The poetry is short but meticulous and sure of itself. The words know what they need to say, and they say it proudly. From the armadillo to the octopus to us, we live and take breath from the same land. Home is where we make it.
Often grounded, sometimes rooted as far as Venus, the poetry that makes the Art of Escape places us at the center of a kingdom where even a wasp nest has a story to tell. The words explore the small worlds that make our lives whole and, in turn, expand outwards, to make this world whole. Many of the poem titles are daring words, like Pitseolak, Crustacea, and Tineola Bisselliella, yet there is no confusion as to what the words mean. They are accepted into the poem.

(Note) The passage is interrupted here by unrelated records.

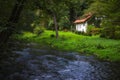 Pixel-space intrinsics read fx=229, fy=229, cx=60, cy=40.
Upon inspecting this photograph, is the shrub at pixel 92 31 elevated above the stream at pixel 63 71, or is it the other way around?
the shrub at pixel 92 31

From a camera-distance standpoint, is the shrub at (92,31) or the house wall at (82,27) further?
the house wall at (82,27)

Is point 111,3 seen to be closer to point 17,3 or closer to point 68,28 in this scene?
point 17,3

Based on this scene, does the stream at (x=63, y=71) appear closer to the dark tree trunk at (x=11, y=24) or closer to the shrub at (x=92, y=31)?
the dark tree trunk at (x=11, y=24)

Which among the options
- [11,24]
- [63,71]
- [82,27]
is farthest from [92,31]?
[11,24]

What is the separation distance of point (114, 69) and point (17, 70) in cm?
769

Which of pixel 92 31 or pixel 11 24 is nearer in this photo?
pixel 11 24

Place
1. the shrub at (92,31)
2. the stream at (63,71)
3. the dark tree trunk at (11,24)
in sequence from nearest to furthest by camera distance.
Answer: the dark tree trunk at (11,24)
the stream at (63,71)
the shrub at (92,31)

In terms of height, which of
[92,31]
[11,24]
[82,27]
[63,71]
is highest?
[11,24]

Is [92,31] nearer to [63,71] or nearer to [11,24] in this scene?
[63,71]

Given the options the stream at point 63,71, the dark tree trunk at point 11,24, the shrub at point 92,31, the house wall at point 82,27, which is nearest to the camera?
the dark tree trunk at point 11,24

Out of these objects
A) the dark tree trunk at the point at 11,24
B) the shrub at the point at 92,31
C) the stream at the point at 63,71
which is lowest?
the stream at the point at 63,71

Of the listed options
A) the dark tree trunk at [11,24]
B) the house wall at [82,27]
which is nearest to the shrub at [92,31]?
the house wall at [82,27]

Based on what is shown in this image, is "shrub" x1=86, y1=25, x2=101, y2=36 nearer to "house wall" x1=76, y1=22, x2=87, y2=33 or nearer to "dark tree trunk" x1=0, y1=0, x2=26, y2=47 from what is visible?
"house wall" x1=76, y1=22, x2=87, y2=33

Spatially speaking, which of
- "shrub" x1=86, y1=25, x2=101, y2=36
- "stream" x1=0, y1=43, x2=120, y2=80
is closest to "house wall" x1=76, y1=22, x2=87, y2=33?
"shrub" x1=86, y1=25, x2=101, y2=36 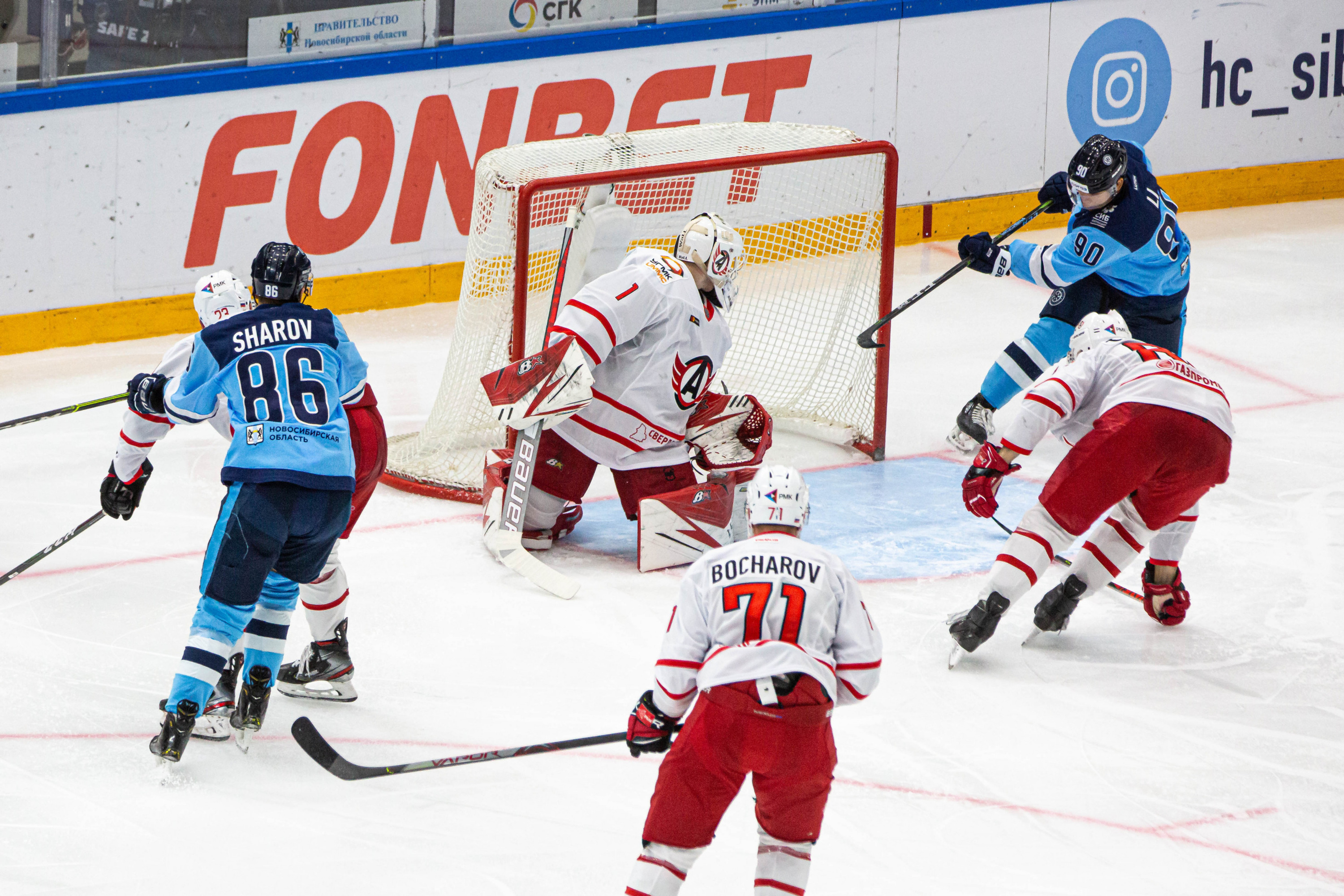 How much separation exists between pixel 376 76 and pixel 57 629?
3.43 meters

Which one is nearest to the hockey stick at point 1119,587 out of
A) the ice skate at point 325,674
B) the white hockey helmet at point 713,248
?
the white hockey helmet at point 713,248

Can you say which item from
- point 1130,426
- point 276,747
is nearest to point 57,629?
point 276,747

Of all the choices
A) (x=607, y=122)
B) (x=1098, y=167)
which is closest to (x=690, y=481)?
(x=1098, y=167)

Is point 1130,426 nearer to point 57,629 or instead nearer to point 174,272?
point 57,629

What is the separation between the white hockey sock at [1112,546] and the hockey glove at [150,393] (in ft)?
7.77

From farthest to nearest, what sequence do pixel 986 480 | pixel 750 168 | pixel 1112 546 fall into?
pixel 750 168, pixel 1112 546, pixel 986 480

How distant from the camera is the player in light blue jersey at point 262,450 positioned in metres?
3.61

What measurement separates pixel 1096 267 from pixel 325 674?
2852mm

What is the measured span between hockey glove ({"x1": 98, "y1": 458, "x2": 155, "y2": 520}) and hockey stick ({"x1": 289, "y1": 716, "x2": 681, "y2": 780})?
2.10 feet

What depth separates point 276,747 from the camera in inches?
154

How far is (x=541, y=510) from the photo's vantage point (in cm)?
521

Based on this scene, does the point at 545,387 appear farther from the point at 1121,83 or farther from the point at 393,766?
the point at 1121,83

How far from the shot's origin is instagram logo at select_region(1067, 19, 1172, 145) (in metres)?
8.91

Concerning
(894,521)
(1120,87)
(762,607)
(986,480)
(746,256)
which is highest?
(1120,87) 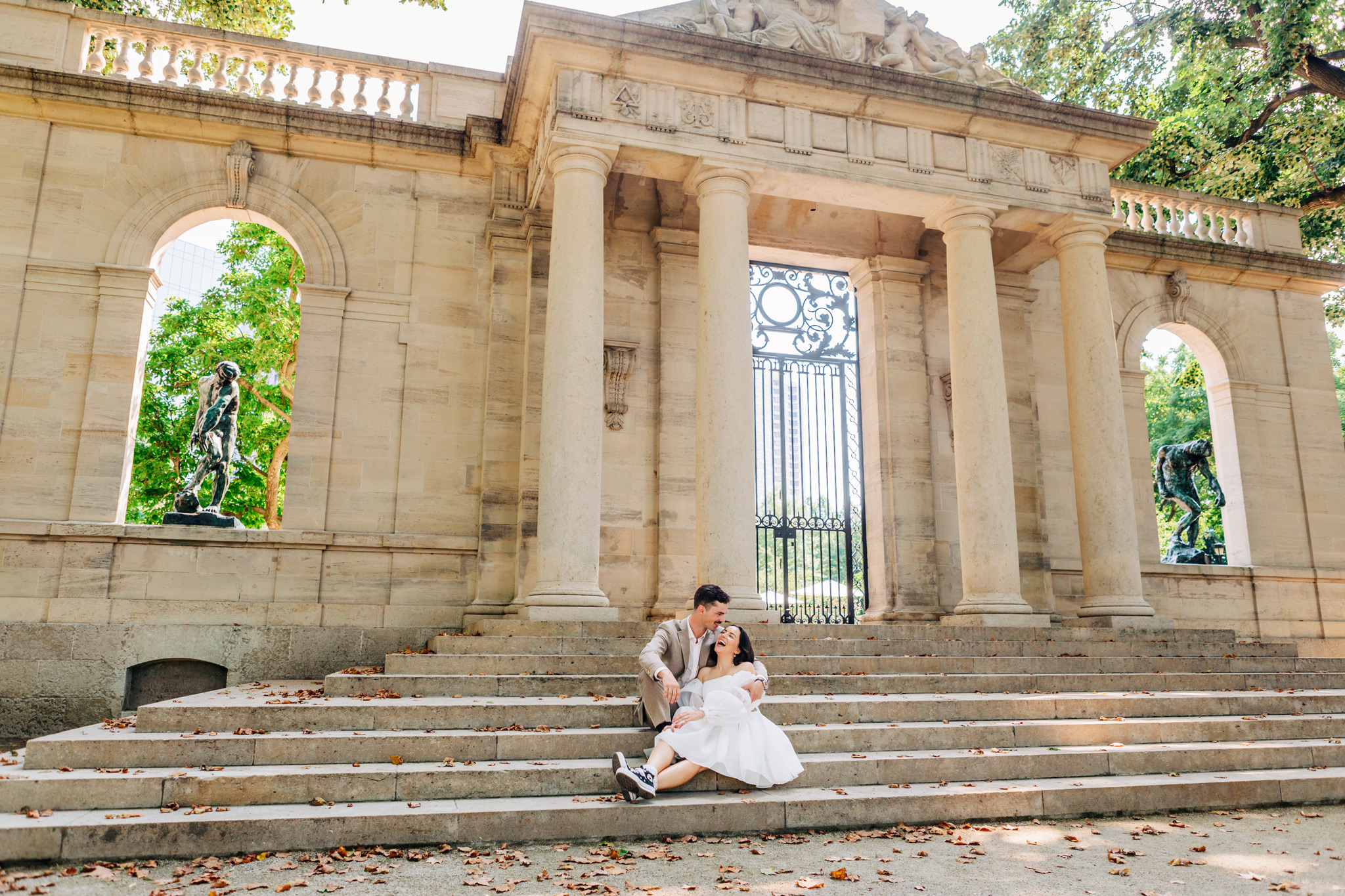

The structure of the words and letters creates a unique voice. Here is a book that welcomes us to join in a deep connection to the land. Through the eyes of insects, I experience the small ravages that are huge to ants and brutalization’s displayed in the whalebone house with “vertebrae arranged in rows/around the door and window frames/patterns out of porous bone with flint/bright cut, and cobblestone.”
Raw words have a home here; cutting words that invite us in: “they’re wiping lipstick/off girls’ mouths/with tissues wrapped/round razor blades.” These words leave us shivering but we appreciate the truth in them all the same.
Mina Gorji shares pieces of her life at the end of the book that lend a deeper meaning to many of the poems. Mina is also my mother’s father’s brother’s daughter, so her family is connected to mine. From Tehran, dreaming of firing squads, reveling in fried onions, and moving to London. With family roots in Singapore, India, and London, Mina Gorji explores the abruptness of thought, the fading of memory.
The poems are to be read several times and treasured. The poems are to be wondered over. They leave you dangling at the edge of reality. Be abstracted. Escape.
Mina Gorji is a lecturer in the English Faculty, Cambridge, and a fellow of Pembroke College. Her published work includes a study of John Clare and essays on awkwardness, mess, weeds, and rudeness.